Appearing to be close-knit with Party officials isn’t always smart business, mind you. And since March last year, Wang has been at pains to distance himself from the fallen leader: Bo Xilai.
The rise of Wang and Wanda display remarkable overlaps with Bo’s own political career.
Wanda started as a bankrupt state-owned developer in Dalian back in 1988. At that time Bo was a junior politician in the same northeastern city. Wang got his career break just as Bo was climbing the ranks to become Dalian mayor. The two also shared an interest in football. Dalian Wanda became a household name thanks to its all-conquering team (named after the company) which dominated the league in the 1990s.

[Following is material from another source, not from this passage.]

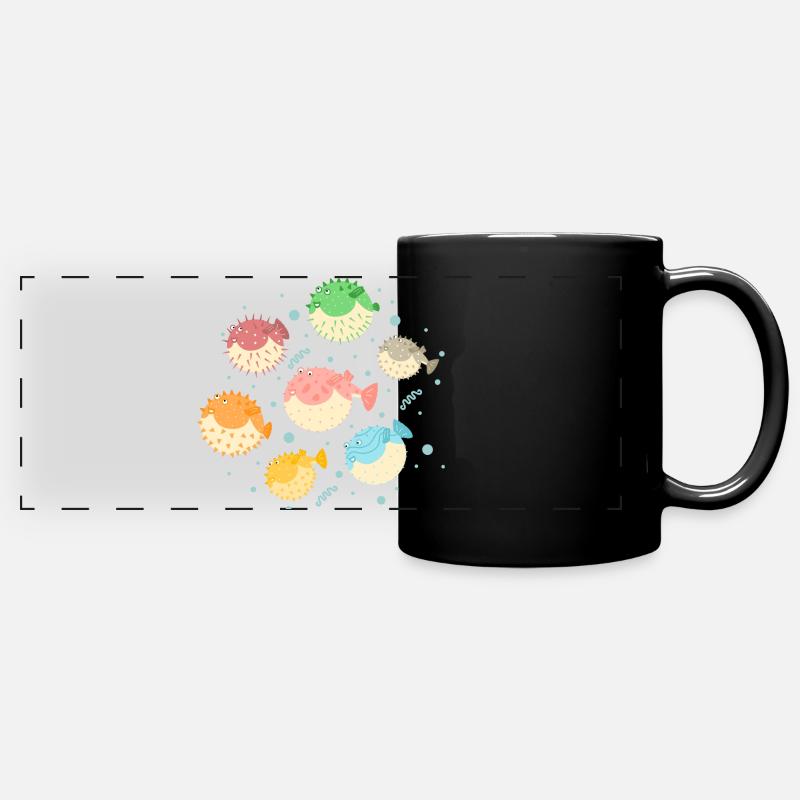 Colorful Puffer Fish - Full Colour Panoramic Mug - black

In 2004, Wanda’s nationwide expansion was briefly hampered by State Council measures designed to slow investment in shopping malls. However, the restrictions were lifted when Bo became the Minister of Commerce. By that time, the ministry had the final say in approving retail projects, as well as vetting the entry of foreign retail chains into China.
So when Bo was arrested in March last year, rumours spread quickly that Dalian tycoons like Wang might be caught in the fallout.
But rather than disappear from the public eye like Shide’s Xu (who was detained by the authorities for corruption), Wang has done the reverse, becoming much more visible. In the past he kept things low-key, rarely granting interviews. But post-Bo, Wang has become much more media-friendly.
Then came the flurry of high-profile foreign acquisitions, including AMC, with Wang rarely out of the headlines. When he bought yacht maker Sunseeker (see WiC199) he even showed off an endorsement letter from the British Prime Minister. Other leading leisure brands are said to be in his sights too (Bloomberg was suggesting last week that Wang could be interested in acquiring the Four Seasons hotel chain, for instance.)
But could this sudden enthusiasm for overseas assets not only be about “business considerations but a political move”, 21CN has asked?
“More and more people now believe it is a hastily arranged re-allocation of assets,” the newspaper suggests.
Questions about how Wanda is financing its growth, as well as Wang’s new appetite for assets overseas, will only grow now that he has taken top spot in the national Rich List. But the real estate mogul is well aware of the growing band of sceptics and has been at pains to distance himself from the political upheavals of the last few months. “Bo Xilai’s case has nothing to do with Dalian Wanda. We rely on the market but not personal connections,” he told media in the Summer Davos conference last month in Dalian (held in a hotel complex developed by Wanda).
“My philosophy is always the same: be close with the government, and distance myself from politics,” Wang said, in an interesting turn of phrase.
If he can maintain the balancing act and continue to grow his company at such a breakneck pace in the years ahead, the Wanda story might even be picked as a plot for one of the first blockbusters to be filmed at China’s new Hollywood.